Material for this exercise >>

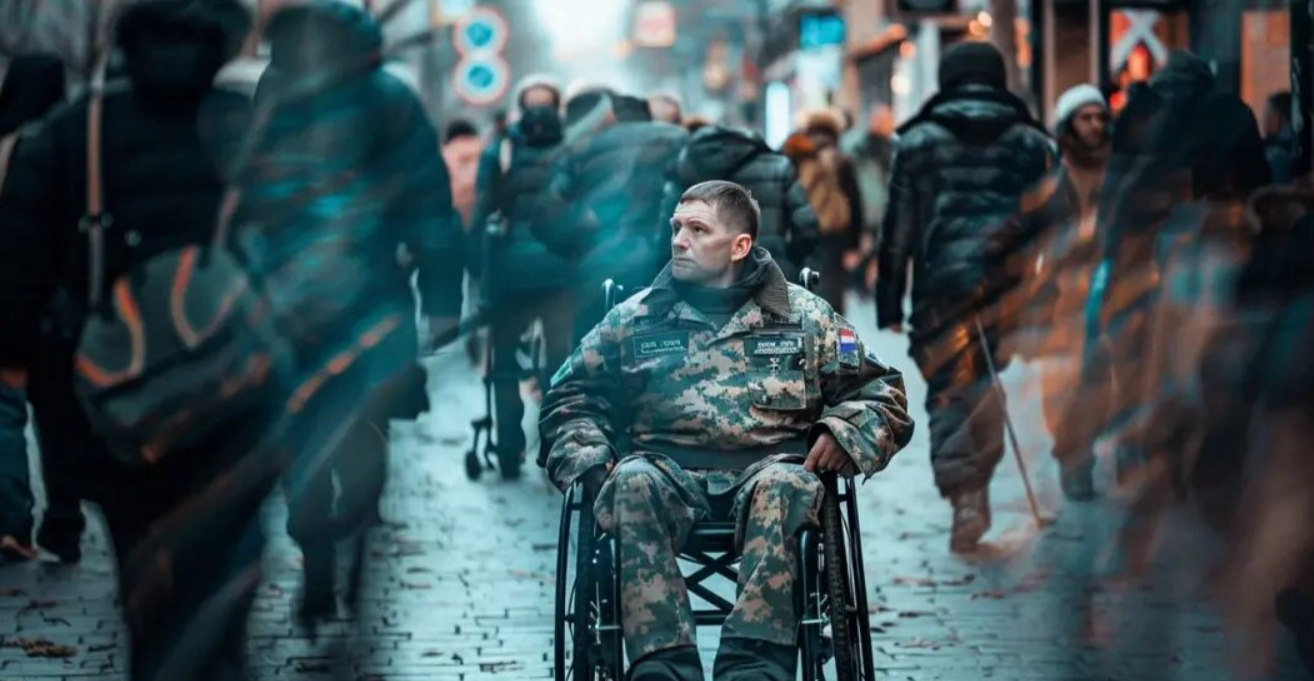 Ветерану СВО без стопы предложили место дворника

==

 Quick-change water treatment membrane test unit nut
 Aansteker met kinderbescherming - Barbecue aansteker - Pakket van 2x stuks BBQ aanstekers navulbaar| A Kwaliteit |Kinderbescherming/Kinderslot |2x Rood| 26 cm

Work to complete >> Only one stretch of the data above is needed. Restate it word for word, from the line containing "Quick-change water treatment" through the line containing "Aansteker met kinderbescherming", both ends included.

Answer box >>
 Quick-change water treatment membrane test unit nut
 Aansteker met kinderbescherming - Barbecue aansteker - Pakket van 2x stuks BBQ aanstekers navulbaar| A Kwaliteit |Kinderbescherming/Kinderslot |2x Rood| 26 cm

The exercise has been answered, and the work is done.